Work instructions: Write out every line exactly, from the start of the records below to the line with "RAB - Airox 18 M Rugzak", and stop there. Don't write out the pictures.

Data supplied:

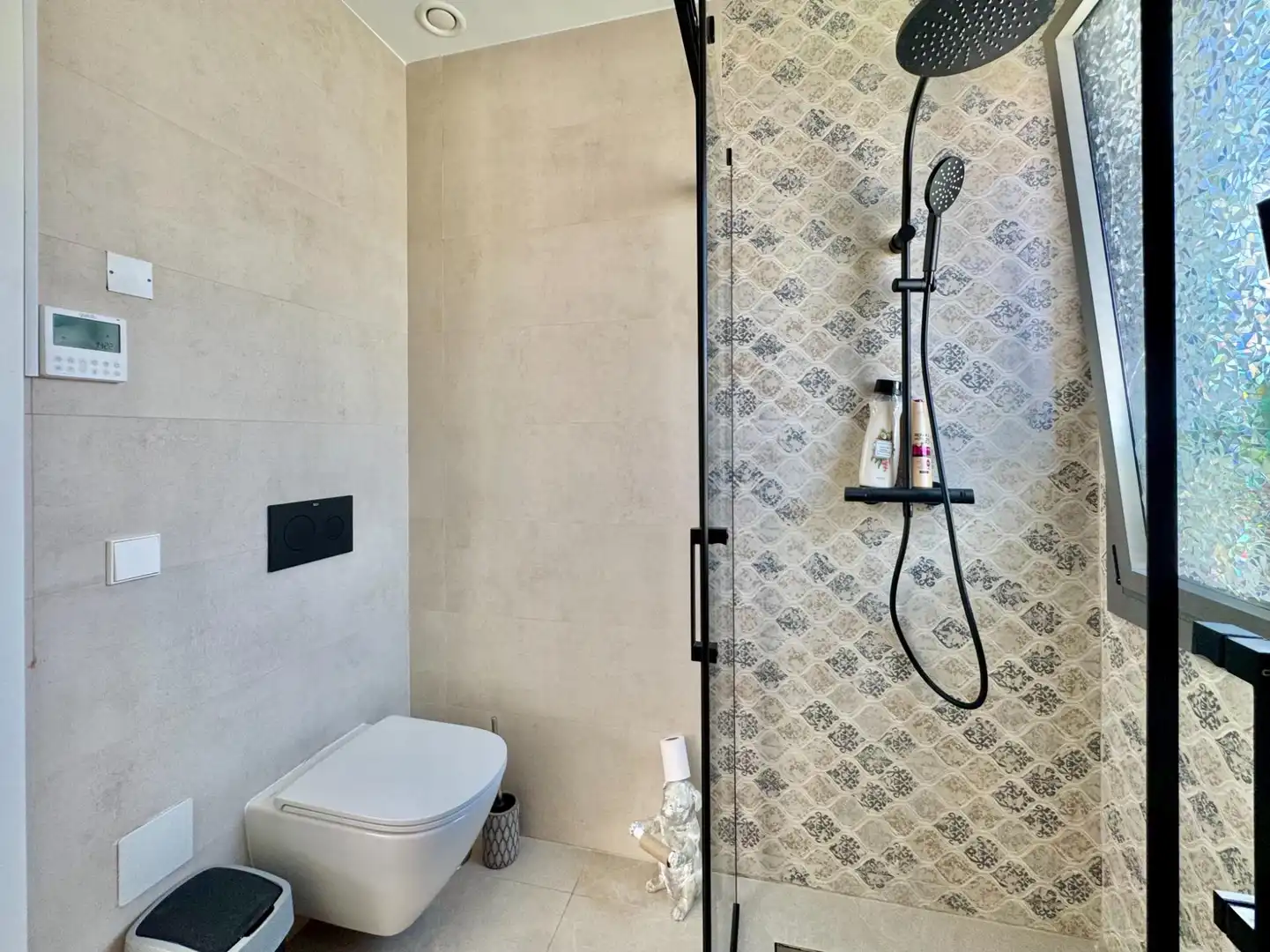 Estudio en venta en San Miguel de Salinas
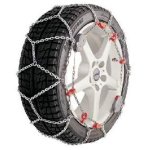 Pewag Sportmatik SMX 60 – Sleviste.cz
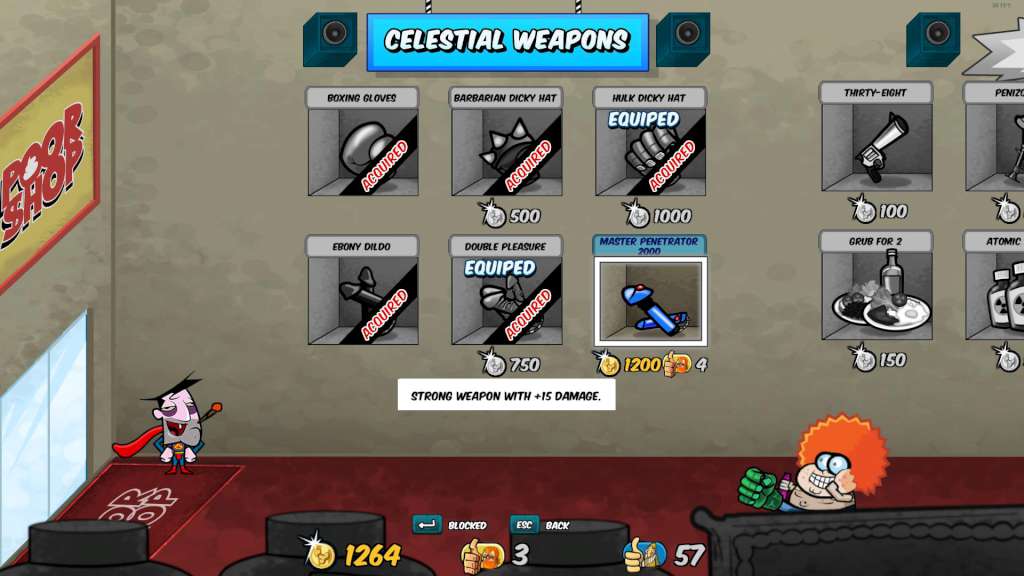Screenshot 16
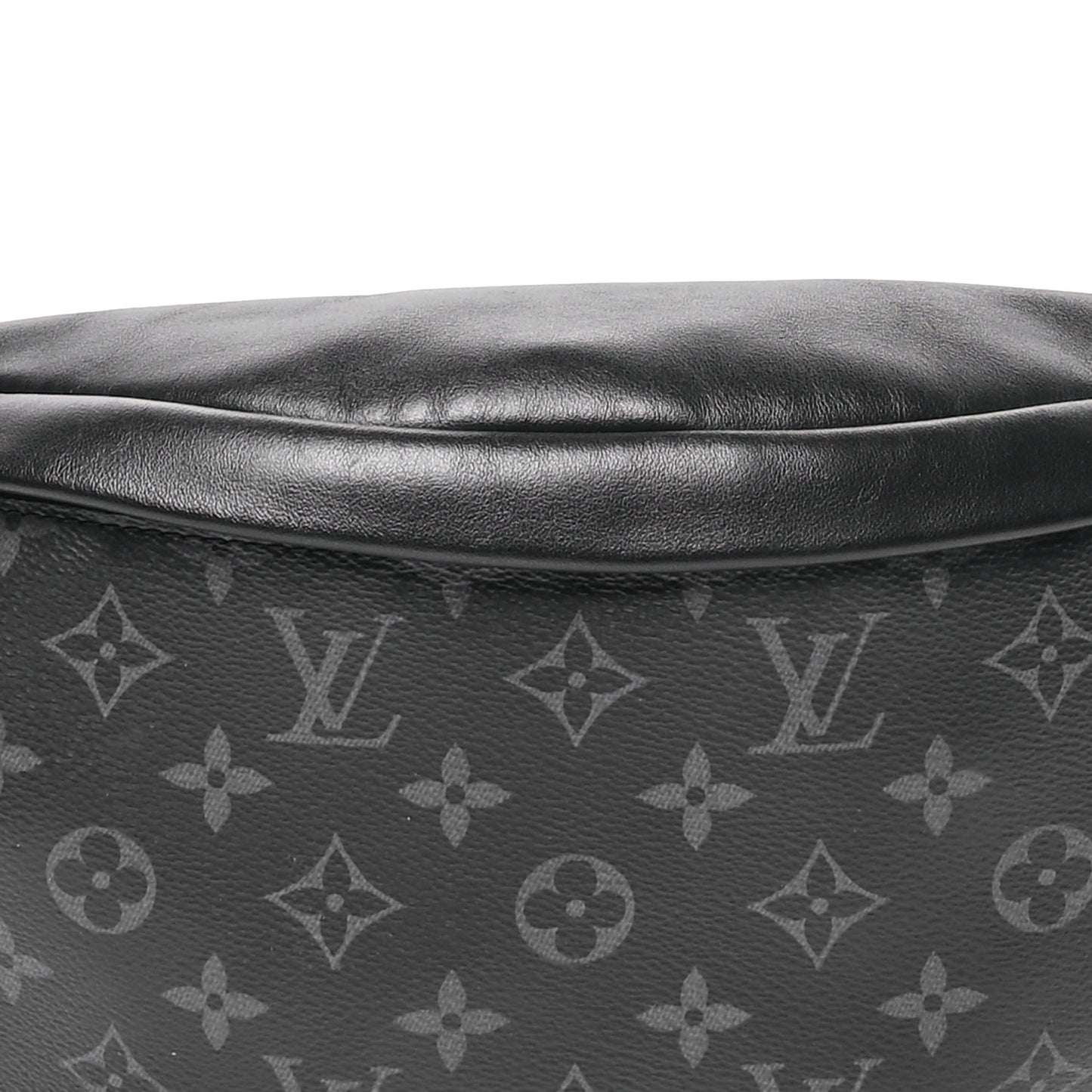 Monogram Eclipse Discovery Bumbag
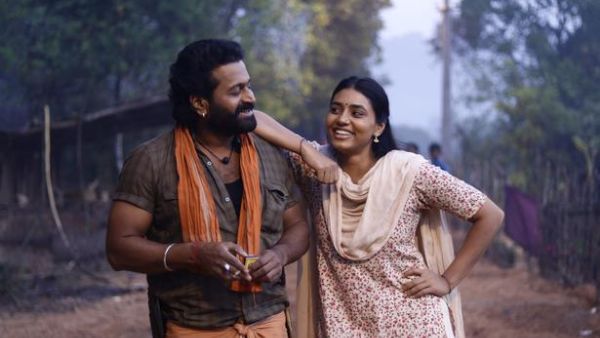 ಈ ವಾರ ಕಾಂತಾರ ಟಾರ್ಗೆಟ್ ₹90 ಕೋಟಿ ಈ ವಾರ ಕಾಂತಾರ ಟಾರ್ಗೆಟ್ ₹90 ಕೋಟಿ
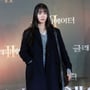 8번째 이미지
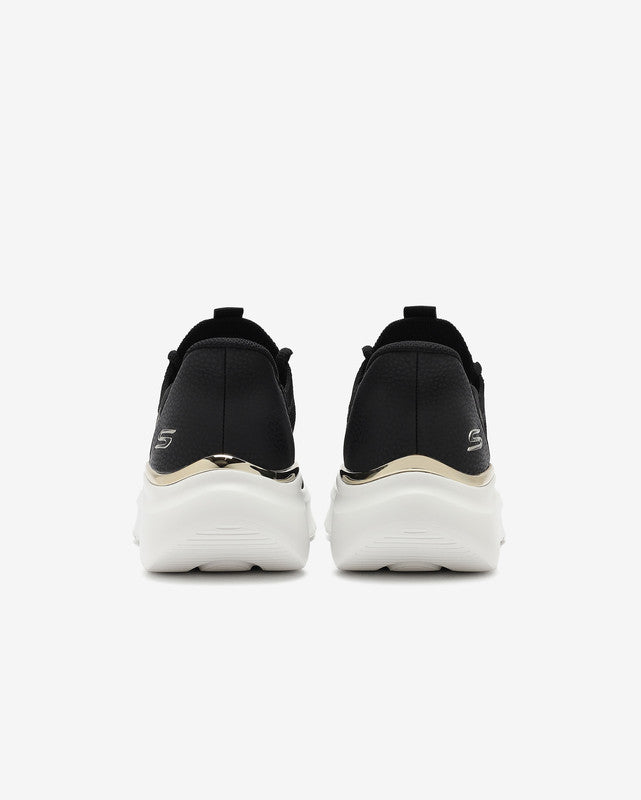 Skechers BOBS B Love - True Delight - Black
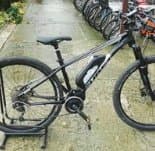 Blu Bici e Fitness - Immagine 1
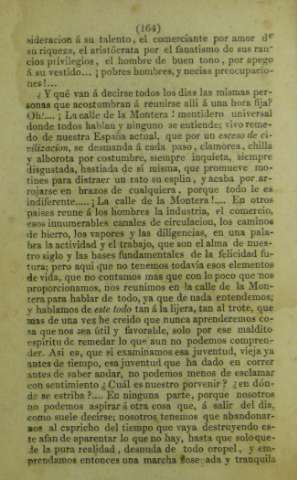 164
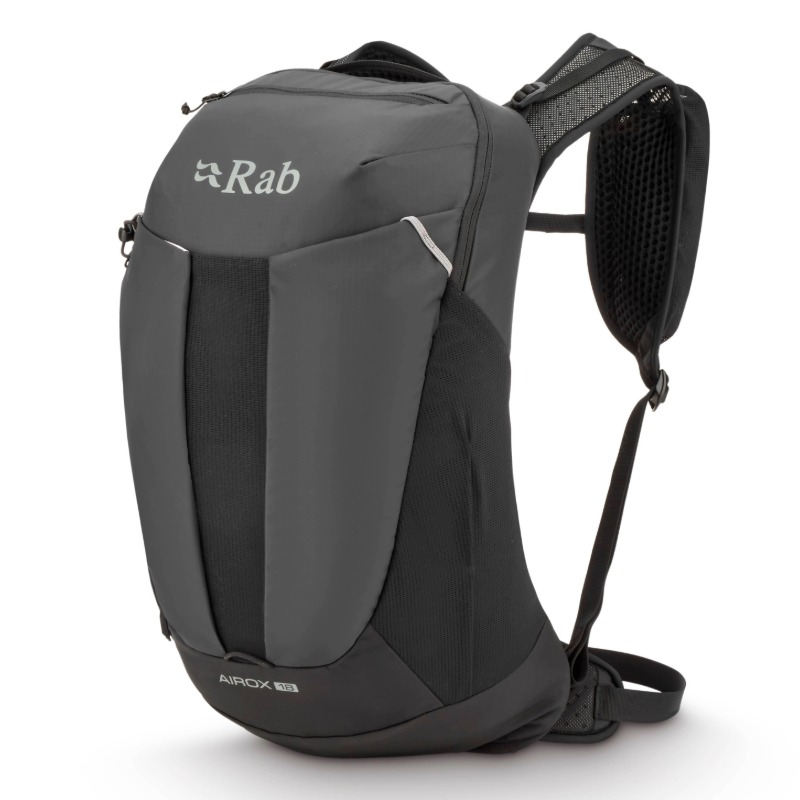 RAB - Airox 18 M Rugzak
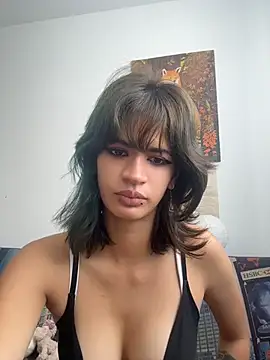 Snapshot of sukulaurens chatting on 18, 6, 2026 sukulaurens online show from 18, 6, 2026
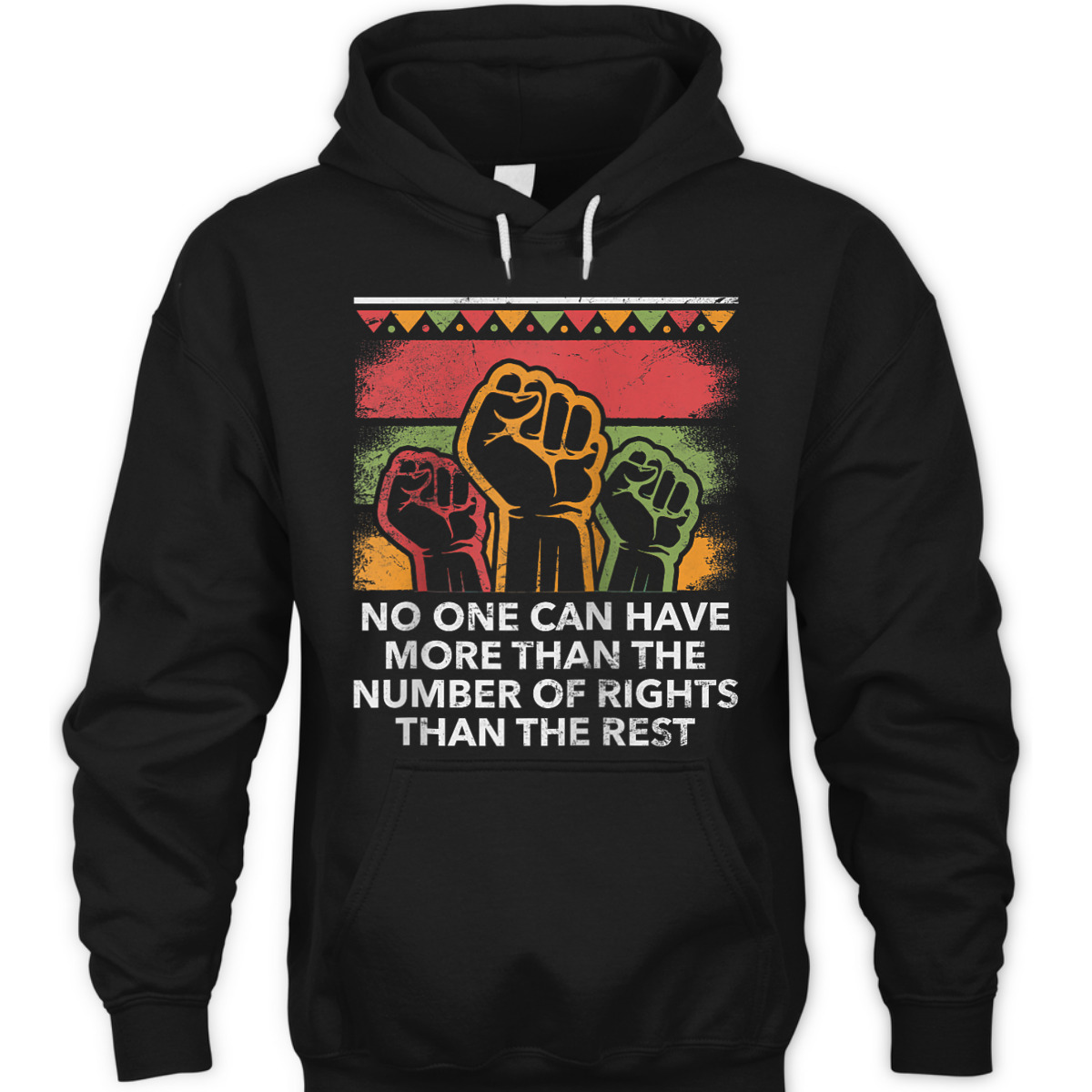 No One Can Have More Social Justice Human Rights Equality T-Shirt No One Can Have More Social Justice Human Rights Equality T-Shirt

Problem solution:
 Estudio en venta en San Miguel de Salinas
 Pewag Sportmatik SMX 60 – Sleviste.cz
Screenshot 16
 Monogram Eclipse Discovery Bumbag
 ಈ ವಾರ ಕಾಂತಾರ ಟಾರ್ಗೆಟ್ ₹90 ಕೋಟಿ ಈ ವಾರ ಕಾಂತಾರ ಟಾರ್ಗೆಟ್ ₹90 ಕೋಟಿ
 8번째 이미지
 Skechers BOBS B Love - True Delight - Black
 Blu Bici e Fitness - Immagine 1
 164
 RAB - Airox 18 M Rugzak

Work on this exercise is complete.